Aquinas's response is pragmatic: private ownership is often more responsible and more competent, and tends to make for peace. But it is allowable only insofar as it works towards its proper end, which is for the sake of common use. Not for personal gain, not for security, not for status, but to serve the common use.

Even Yorkshire Water have just circulated a letter which could have been based on Aquinas's principles. Not a word about profit. Instead, an account of the many measures they have taken to preserve the common water supply, in both our homes and our rivers. But we could make their job still easier by defining them not as a business primarily designed to make money, but precisely as a public servant, delegated to serve the common good. For private companies, if they have no natural ties with the community, are constantly tempted to care only for the appearance, not the reality, of public service. Why should they do anything else, when we ourselves tell them that their goal is profit? "Everyone who thirsts, come to the waters" (Isaiah 55.1).

Aristotle confined citizenship to the privileged few. Contemporary democracy insists that all are citizens. The Catholic bishops have reminded us that "all" must include the poor and marginalised, those most likely to be forgotten by the powers that be.
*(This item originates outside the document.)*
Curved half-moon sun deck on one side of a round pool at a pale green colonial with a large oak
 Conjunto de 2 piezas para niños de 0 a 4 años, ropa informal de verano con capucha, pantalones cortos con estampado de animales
Perhaps the most striking image of our private attempts to appropriate a common resource is the ubiquitous bottle of mineral water. Expensive, throwaway, energy-squandering - yet so rapidly has it become essential to everyday life. And when we, the affluent and influential, draw our water only from favoured and distant streams, what then? Who will care enough to protect the purity of our common supply, the water on which our poor depend? A society's attitude to water is deeply revealing: for water is both the substance and the symbol of life: "Those who are thirsty shall drink - it is my free gift - out of the spring whose water is life" (Revelation 21.6).